A chaque fois, la musique est presque absente, quelques notes de piano surtout. Les interactions sont minimalistes, les ennemis rares, et entre deux énigmes à portes et leviers, le regard est régulièrement tenté de se perdre dans ces vestiges sans âge, faits de vieilles pierres et d’herbes sauvages. Dans les jeux de Fumito Ueda, on ne se contente pas de jouer, on voyage.

De sa philosophie de la conception, il ne dit jamais rien, ou presque. « Vu de notre côté, nous n’avions pas une ambition ferme de centrer nos jeux sur la question du lien, au contraire. Mais de nombreux joueurs d’Ico et de Shadow of Colossus se sont dit : “Oh, ces jeux parlent de créer un lien, ils parlent de confiance.” (…) Je n’aime pas forcer les thématiques », assurait-il au Guardian en juin.

Une poésie du pragmatisme

L’ancien employé modèle de Sony, qu’il a quitté en 2013, se garde bien d’attribuer le moindre message à ses jeux. Sempiternellement, interview après interview, son discours achoppe sur la même rengaine : il crée uniquement à partir de contraintes et de choix de design. Yorda, son premier héros, portait des cornes pour qu’il soit plus facilement repérable dans le décor sur les plans éloignés, se justifiait-il lors d’une conférence en 2006. Si ses arrière-plans sont souvent drapés de brouillard, c’est là aussi pour que les façades interactives apparaissent plus nettement au joueur.

Lui-même va jusqu’à présenter la naissance de Trico, l’animal géant domestiqué, comme le résultat d’un malentendu. A l’époque de Shadow of the Colossus, il estimait que la relation au cœur du jeu était celle entre Wander, le héros, et la fille qu’il cherche à tout prix à ressusciter.

« Mais à sa sortie, j’ai lu plein d’avis de joueurs émus qui trouvaient que la relation la plus forte était celle entre Wander et son cheval. (…) C’est de là qu’est née l’idée de “The Last Guardian”. »

The Last Guardian - E3 2015 Trailer | PS4
Durée : 06:57

A l’entendre, n’importe quel créateur de jeu aurait dû en venir aux mêmes conclusions. Rien n’est plus unique, pourtant, que son style chevaleresque et onirique. « Mes univers sont fondamentalement basés sur mes sens, expliquait-il au site britannique Eurogamer. Je n’ai pas vraiment analysé à quoi ressemble mon style visuel. Au fur et à mesure du processus créatif je décide – et c’est comme ça que je développe mon style. »
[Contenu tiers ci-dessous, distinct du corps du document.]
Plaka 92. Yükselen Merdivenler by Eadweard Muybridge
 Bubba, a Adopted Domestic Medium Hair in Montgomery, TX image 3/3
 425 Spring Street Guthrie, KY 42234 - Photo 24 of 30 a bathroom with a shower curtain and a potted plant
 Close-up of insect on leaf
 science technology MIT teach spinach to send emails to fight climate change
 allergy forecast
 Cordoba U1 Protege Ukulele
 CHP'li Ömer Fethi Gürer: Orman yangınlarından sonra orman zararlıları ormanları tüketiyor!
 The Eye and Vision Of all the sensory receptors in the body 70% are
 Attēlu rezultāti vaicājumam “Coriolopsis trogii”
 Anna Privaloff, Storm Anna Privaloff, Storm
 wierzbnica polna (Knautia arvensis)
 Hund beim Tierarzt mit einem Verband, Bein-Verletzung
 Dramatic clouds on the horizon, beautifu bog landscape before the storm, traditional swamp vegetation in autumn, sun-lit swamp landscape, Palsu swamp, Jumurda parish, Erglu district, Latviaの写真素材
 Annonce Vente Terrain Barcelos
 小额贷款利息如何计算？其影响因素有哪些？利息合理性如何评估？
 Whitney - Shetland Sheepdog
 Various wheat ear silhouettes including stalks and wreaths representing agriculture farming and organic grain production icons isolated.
L’explication, brumeuse, est à l’image de ses jeux, toujours nimbée d’un étrange mystère. Fumito Ueda n’aime pas expliquer. Il préfère laisser l’imagination du joueur voguer dans ses mondes – ces énigmes froides et géantes caressées par l’espoir d’un regard complice, d’une main tendue, d’une interaction enfin humaine.